I am very new to programming but not new to electronics. I am wondering if I can find some help here.
I want to communicate between my two Photons. I would like to connect five push buttons to each Photon and five LEDs. When a push button is pressed on one Photon I would like a corresponding LED on the other Photon to light. When the button is pressed again the LED should go off.
How would I best achieve this? I have seen Quantumly Entangled LEDs but because I want to control ten LEDs using ten push buttons I think I exceed the Particle limit for Subscribe/Publish.
I have a feeling what I want to do is achievable using just TWO (or even one?) Subscribe / Publish functions but I lack the programming nous to do this. I have seen reference here on this forum to there being some ability using a prefix filter to possibly work around this using a subscription handler but again, I sadly don’t understand how I would do this
A pointer (ideally in simple/long winded code) would be awesome.

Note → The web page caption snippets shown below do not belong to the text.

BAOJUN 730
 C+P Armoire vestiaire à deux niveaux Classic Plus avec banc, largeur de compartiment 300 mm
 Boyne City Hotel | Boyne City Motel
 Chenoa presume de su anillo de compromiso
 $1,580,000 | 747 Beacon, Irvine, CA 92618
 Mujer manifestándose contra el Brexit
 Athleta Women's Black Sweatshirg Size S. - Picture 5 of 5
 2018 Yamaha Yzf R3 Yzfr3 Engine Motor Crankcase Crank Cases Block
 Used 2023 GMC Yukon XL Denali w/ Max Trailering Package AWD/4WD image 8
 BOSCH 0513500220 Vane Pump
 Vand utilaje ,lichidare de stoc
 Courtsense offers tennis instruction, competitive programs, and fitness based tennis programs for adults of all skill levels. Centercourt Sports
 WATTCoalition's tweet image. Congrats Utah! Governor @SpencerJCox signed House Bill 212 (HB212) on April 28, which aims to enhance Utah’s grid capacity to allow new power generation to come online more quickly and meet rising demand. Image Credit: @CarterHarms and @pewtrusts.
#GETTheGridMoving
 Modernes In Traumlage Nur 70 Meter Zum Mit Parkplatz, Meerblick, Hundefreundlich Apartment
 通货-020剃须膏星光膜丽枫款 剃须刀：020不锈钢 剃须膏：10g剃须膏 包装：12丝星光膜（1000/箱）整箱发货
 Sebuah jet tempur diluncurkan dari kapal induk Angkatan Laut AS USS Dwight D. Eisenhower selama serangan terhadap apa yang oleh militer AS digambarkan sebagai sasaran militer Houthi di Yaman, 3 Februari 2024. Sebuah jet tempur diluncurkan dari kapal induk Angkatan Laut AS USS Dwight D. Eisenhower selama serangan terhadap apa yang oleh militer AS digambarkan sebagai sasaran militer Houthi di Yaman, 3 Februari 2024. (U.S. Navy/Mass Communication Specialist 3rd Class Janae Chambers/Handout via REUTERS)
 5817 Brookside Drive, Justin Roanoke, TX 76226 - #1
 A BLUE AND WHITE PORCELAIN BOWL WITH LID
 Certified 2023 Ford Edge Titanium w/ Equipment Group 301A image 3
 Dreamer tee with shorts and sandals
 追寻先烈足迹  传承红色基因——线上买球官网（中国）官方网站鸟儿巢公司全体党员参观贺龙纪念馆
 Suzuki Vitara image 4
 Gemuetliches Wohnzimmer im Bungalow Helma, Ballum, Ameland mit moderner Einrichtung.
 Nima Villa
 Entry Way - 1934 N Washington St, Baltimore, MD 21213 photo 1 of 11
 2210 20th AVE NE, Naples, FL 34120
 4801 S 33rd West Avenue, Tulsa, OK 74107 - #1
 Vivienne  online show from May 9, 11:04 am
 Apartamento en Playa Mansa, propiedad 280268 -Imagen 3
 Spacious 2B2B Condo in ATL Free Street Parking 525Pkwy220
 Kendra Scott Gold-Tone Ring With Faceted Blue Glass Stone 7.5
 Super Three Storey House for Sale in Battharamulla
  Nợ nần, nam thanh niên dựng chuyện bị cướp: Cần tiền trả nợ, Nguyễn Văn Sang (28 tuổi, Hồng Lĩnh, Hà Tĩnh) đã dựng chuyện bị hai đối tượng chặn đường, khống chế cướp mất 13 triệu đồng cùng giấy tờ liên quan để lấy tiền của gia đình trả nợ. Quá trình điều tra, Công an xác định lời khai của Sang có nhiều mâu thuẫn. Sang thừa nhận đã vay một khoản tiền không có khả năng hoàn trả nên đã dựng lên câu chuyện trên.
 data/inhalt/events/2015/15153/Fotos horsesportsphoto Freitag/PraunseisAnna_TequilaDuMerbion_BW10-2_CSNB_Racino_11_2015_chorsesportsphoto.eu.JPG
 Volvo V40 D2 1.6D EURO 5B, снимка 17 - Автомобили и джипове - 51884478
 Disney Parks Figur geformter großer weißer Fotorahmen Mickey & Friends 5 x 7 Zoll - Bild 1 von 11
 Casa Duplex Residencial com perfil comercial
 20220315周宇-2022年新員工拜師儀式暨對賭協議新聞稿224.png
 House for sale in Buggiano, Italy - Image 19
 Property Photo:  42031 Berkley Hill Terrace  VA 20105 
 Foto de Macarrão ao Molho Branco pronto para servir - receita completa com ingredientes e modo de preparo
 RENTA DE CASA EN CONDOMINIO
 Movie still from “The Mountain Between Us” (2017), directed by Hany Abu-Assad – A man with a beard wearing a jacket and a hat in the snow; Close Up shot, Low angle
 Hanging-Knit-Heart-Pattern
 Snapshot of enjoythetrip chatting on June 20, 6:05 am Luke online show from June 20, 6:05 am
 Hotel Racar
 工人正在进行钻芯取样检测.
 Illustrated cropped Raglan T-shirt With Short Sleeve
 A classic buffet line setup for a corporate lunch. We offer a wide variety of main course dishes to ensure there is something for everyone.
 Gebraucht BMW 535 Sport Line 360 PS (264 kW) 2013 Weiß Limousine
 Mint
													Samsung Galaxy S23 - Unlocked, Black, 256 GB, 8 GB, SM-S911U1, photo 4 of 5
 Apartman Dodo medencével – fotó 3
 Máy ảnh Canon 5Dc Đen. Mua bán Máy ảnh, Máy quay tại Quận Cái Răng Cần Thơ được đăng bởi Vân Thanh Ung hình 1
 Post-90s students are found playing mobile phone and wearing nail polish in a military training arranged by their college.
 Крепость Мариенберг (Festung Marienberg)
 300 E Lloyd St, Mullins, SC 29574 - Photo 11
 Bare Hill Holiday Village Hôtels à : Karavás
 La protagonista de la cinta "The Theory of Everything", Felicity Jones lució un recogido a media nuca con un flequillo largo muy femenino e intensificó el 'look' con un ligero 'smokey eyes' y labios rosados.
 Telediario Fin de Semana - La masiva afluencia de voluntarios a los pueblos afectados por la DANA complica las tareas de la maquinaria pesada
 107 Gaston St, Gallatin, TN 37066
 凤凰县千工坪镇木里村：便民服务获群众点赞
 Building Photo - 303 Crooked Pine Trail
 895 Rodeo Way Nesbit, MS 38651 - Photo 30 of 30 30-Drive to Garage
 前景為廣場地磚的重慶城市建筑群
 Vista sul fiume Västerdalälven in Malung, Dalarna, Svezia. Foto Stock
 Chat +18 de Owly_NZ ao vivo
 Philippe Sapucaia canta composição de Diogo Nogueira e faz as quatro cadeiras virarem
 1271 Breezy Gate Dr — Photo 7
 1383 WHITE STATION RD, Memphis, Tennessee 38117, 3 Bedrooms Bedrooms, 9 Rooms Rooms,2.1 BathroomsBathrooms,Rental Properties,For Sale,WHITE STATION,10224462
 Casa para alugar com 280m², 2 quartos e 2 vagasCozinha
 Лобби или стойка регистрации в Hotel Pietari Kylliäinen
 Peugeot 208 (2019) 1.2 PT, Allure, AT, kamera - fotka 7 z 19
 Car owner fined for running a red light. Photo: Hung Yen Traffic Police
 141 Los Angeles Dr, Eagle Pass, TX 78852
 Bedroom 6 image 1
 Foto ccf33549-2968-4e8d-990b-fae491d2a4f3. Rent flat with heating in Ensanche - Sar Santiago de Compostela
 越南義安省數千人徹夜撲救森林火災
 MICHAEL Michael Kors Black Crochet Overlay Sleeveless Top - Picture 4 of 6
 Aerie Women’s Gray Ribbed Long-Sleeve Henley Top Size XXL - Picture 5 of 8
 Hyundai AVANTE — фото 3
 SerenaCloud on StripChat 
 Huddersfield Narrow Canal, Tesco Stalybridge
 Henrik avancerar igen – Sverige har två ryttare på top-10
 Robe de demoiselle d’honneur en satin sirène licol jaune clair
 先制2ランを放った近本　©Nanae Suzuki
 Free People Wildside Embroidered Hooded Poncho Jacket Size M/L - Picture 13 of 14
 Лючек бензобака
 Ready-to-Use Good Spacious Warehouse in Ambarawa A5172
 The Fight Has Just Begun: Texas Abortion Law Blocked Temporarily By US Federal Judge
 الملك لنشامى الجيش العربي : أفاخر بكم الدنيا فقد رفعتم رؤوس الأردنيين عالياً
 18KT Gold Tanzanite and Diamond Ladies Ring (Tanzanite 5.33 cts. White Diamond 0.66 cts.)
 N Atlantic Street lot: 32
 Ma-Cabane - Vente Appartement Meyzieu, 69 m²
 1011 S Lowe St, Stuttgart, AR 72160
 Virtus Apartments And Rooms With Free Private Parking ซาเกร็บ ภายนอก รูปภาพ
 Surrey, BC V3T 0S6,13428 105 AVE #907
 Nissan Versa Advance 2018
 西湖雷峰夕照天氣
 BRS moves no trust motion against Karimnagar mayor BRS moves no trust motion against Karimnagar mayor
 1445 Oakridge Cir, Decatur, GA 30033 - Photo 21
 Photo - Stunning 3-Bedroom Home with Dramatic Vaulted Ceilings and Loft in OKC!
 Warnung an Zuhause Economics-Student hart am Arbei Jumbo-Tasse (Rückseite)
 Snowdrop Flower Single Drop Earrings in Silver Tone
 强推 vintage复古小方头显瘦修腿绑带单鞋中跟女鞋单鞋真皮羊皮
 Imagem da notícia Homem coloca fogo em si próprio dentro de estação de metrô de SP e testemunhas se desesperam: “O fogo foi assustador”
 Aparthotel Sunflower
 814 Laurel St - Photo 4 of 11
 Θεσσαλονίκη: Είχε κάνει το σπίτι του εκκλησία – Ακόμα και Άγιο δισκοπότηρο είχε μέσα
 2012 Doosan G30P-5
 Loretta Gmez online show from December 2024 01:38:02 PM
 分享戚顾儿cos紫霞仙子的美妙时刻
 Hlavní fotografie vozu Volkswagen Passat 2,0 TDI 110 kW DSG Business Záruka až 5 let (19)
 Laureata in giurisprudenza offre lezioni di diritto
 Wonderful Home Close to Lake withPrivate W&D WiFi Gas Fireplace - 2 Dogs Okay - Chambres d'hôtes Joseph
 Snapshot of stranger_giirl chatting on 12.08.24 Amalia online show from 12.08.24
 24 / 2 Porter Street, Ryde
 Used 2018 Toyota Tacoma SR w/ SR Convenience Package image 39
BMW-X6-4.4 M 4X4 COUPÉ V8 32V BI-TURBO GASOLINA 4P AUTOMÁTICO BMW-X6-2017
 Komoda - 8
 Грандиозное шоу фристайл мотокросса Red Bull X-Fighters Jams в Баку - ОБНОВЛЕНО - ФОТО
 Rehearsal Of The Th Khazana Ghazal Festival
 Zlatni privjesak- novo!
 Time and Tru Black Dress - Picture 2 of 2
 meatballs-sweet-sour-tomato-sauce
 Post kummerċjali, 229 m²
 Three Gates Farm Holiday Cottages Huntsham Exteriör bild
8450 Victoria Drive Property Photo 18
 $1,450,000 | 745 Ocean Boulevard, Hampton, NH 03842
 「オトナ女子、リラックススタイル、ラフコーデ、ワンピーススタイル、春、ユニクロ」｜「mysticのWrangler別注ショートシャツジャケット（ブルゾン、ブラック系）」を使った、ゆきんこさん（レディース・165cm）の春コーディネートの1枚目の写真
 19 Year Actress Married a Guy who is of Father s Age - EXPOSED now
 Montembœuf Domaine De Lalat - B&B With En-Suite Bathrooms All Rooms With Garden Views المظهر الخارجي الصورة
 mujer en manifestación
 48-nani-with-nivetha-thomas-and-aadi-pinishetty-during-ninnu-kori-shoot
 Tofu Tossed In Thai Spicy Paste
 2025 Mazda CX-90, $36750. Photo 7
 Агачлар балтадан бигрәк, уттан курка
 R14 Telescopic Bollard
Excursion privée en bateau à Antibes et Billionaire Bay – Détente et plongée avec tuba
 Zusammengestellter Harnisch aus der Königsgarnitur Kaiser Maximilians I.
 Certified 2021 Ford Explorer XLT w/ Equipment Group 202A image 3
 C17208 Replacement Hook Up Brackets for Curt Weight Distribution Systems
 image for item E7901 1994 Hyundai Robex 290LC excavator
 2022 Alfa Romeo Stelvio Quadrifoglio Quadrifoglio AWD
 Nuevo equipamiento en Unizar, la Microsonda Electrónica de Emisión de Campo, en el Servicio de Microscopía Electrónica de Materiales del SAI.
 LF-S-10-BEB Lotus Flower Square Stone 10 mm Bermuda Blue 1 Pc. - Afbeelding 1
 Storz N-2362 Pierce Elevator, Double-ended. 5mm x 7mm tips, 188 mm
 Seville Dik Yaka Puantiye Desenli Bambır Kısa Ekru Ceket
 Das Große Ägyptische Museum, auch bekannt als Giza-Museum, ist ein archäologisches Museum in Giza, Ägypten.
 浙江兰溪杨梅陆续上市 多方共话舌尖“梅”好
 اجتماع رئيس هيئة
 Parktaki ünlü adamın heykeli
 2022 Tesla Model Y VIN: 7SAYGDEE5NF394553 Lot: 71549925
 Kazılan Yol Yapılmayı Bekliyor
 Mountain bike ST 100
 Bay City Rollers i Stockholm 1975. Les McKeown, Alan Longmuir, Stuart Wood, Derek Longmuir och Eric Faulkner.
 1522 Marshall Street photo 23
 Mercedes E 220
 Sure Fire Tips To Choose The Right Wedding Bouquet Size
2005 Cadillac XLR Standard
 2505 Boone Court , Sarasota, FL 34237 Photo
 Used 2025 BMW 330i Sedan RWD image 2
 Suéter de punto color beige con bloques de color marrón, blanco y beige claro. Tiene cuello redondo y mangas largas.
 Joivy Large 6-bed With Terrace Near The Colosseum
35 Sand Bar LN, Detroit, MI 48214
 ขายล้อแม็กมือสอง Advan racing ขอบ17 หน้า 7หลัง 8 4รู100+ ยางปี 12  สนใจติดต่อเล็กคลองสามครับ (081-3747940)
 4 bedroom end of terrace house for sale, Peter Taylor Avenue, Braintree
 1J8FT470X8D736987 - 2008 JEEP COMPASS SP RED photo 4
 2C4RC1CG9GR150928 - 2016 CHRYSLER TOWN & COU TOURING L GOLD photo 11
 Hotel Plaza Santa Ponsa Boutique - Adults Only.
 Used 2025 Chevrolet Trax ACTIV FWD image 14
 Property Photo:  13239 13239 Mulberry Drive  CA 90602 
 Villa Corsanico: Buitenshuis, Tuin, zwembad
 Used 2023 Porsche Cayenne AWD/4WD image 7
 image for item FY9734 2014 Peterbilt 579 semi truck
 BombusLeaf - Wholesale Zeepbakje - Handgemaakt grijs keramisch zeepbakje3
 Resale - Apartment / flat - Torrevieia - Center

You could probably use a single publish to transmit the state of all buttons at once. If you ‘encode’ it in a binary string, you could have a series of 0/1 represent the states of the buttons/leds. 00100 would be the third LED on, for example.
How often do you expect to hit those buttons?
That's the most interesting part, trying to come up with ways to solve that There's more than one way to do this, my suggestion was just one of many. You could also send it on a per-button case; when you hit button three, send "30" or "31", for 3 on or off, respectively. You could do it with text as well, or even entirely different publishes, while using a common prefix.
Essentially, yes. If you're planning on using a single publish/subscribe, you'd need a way to identify which publish came from which device. The easier way would be to use two different publishes:"device 1/device 2", and subscribe accordingly.
We usually try enabling people by gently nudging them in the “right” direction with verbal instructions and targeted questions - just as @Moors7 has done already.
But as it happens a while back I assisted another member with a project that went a similar way. So as it happens I’ve still got that code and would provide you with a link if you make sure to actually look at the code and try to understand why and how it works.
Meanwhile I’ll try to dig up the respective thread for your to also follow the reasoning provided there.
Although nowadays I’d rather use particle instead of spark and over time other member requests have lead to some additional features in that sketch like here
And as this was an evolving project, following the reasoning provided in the blurb might be a way to find into the why/how.